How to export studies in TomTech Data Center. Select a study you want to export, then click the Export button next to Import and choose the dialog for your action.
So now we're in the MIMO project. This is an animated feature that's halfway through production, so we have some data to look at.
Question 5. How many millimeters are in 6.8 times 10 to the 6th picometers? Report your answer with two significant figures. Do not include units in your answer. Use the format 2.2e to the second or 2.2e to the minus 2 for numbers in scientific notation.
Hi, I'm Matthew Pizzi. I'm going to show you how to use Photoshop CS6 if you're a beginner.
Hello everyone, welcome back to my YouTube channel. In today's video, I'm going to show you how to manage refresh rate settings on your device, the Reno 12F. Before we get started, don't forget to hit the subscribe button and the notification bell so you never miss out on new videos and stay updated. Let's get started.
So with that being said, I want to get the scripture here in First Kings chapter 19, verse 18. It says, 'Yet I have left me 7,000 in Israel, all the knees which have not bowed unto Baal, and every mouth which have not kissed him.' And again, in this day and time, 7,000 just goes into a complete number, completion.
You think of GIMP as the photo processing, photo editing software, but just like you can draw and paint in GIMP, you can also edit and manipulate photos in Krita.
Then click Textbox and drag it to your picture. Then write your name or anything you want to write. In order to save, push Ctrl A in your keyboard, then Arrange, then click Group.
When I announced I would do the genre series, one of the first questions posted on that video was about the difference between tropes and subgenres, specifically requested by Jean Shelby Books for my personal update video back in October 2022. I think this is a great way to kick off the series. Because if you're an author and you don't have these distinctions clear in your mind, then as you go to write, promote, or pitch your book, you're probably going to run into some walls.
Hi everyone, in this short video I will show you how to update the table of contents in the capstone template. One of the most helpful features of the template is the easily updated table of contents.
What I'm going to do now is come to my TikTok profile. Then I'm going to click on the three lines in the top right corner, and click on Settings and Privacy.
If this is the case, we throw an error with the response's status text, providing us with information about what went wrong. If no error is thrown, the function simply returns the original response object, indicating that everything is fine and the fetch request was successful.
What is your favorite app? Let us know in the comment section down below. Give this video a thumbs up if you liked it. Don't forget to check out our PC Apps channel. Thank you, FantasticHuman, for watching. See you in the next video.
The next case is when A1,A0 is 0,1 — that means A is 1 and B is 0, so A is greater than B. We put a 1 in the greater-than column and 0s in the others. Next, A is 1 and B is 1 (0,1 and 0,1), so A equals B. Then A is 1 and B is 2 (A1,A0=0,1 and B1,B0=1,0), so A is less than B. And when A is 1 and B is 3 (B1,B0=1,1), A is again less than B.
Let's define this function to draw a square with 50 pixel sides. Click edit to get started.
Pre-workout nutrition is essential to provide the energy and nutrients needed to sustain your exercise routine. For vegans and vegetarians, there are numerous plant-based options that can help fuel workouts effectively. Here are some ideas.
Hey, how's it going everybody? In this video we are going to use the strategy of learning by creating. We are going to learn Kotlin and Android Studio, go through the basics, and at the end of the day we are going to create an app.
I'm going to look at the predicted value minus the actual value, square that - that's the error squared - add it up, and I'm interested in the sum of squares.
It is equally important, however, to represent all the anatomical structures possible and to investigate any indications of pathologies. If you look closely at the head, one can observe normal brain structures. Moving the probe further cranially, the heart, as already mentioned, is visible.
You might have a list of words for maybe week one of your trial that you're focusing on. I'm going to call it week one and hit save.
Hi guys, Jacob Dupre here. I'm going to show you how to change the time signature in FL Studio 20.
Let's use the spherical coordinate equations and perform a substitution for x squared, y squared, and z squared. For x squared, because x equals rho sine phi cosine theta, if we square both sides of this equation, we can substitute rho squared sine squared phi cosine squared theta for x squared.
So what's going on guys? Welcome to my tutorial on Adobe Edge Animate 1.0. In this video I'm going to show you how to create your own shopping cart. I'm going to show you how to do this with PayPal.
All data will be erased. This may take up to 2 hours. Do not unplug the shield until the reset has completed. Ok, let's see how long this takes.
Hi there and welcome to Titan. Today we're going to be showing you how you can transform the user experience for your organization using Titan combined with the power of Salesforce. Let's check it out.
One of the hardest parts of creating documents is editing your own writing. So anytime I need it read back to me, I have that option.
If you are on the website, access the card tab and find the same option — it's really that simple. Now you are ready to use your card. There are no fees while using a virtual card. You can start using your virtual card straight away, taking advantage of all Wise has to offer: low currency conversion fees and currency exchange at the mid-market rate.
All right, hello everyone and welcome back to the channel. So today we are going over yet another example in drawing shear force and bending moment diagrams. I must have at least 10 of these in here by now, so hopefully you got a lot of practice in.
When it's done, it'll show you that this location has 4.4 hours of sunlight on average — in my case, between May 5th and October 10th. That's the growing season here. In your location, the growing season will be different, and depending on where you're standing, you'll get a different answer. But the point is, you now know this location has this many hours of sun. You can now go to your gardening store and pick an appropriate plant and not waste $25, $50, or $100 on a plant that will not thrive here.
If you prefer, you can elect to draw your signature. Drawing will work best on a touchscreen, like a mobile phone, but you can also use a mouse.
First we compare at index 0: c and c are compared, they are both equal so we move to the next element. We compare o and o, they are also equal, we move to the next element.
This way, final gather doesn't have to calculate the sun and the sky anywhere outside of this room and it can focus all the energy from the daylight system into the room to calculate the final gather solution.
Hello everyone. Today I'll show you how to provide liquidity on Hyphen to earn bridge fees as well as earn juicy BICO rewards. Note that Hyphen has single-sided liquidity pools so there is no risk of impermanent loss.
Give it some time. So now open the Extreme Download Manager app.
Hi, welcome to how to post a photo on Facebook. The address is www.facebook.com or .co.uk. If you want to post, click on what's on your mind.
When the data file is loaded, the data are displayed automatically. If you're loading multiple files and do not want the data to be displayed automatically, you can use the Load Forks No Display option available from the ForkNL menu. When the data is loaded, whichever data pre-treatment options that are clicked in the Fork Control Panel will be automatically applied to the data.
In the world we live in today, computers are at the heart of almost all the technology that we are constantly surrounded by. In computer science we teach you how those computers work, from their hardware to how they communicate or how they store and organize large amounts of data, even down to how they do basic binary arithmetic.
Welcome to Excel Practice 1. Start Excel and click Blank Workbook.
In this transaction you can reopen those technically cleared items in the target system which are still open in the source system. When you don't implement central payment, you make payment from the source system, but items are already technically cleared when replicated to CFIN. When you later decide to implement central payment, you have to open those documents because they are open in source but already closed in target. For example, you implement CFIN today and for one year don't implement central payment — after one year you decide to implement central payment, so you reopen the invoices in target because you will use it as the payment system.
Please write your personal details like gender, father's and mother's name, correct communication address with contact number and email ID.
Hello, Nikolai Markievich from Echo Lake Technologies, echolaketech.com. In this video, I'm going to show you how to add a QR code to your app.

**What needs to be done**
Scan the records for the word "Studio" and copy every line where it is found.

**Answer to this exercise**
Hey, how's it going everybody? In this video we are going to use the strategy of learning by creating. We are going to learn Kotlin and Android Studio, go through the basics, and at the end of the day we are going to create an app.
Hi guys, Jacob Dupre here. I'm going to show you how to change the time signature in FL Studio 20.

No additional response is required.